What came as a pleasant surprise was that with the exception of ICT, nowhere else does a plurality exist for English as the preferred medium of instruction. In Islamabad 49 percent parents indicated English as their preferred language of education. In some provinces the support for English was extremely low at 3 percent in Balochistan and 7percent in Sindh. This explodes the myth that is propagated that parents want their children to be taught in English. Many parents may want their children to learn English as another language but that is different from using English as a medium.

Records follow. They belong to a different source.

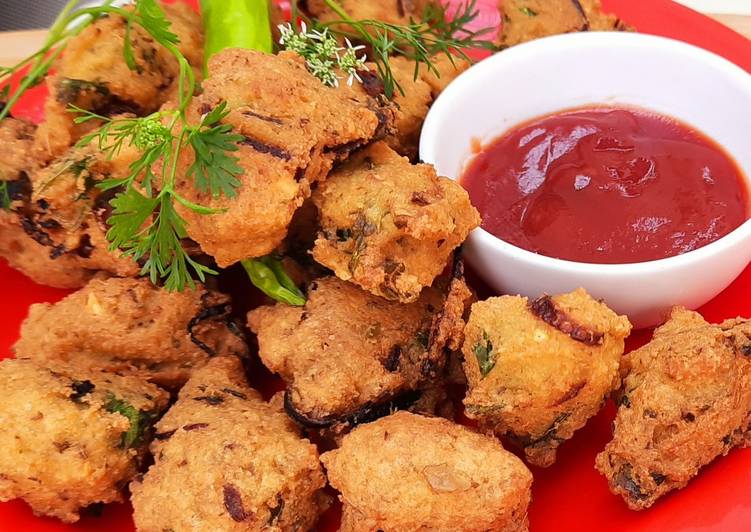 How to Make DietPerfect Dal pakode

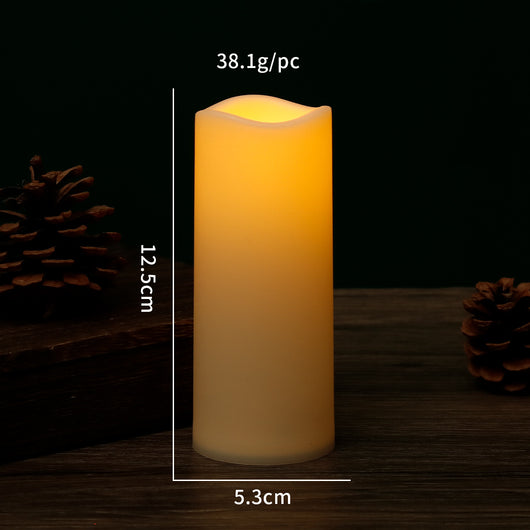 Lámpara LED Cilíndrica con Efecto Onda para Decoración de Bodas, Navidad y Eventos - Image 6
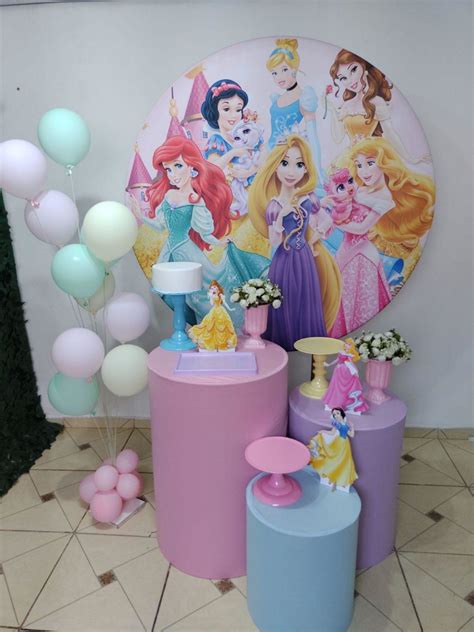 Loca O De Decora O Pegue E Monte Princesas Elo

The preference for the home language as the medium is also very pronounced, though ASER did not specify the language when it noted the preference for the home language. In fact a correlation between the medium preference and the home language should have been probed. In some regions it was conspicuously missing.
It is interesting that in Sindh 90 percent voted for “home language”, 60 percent in FATA were for “home language ” and 45 percent in KP want their home language to be the medium of instruction of their children in school. This is understandable. Pushto and Sindhi are developed languages with a rich stock of literature that cultivates a sense of pride in the speakers.
A word about Urdu. There is a strong preference indicated for Urdu in some provinces. They are Balochistan (
71 percent), AJK (70 percent), Gilgit Baltistan (54 percent) and Punjab (56 percent). These are the provinces where the indigenous languages have been overshadowed by Urdu. Yet that does not justify abandoning the mother tongue.
ASER should try to relate the child’s learning skills with the language that is the medium of instruction. It would be interesting to assess her/his performance against the language s/he learns in. Are her/his scores higher when s/he is taught in her/his mother tongue?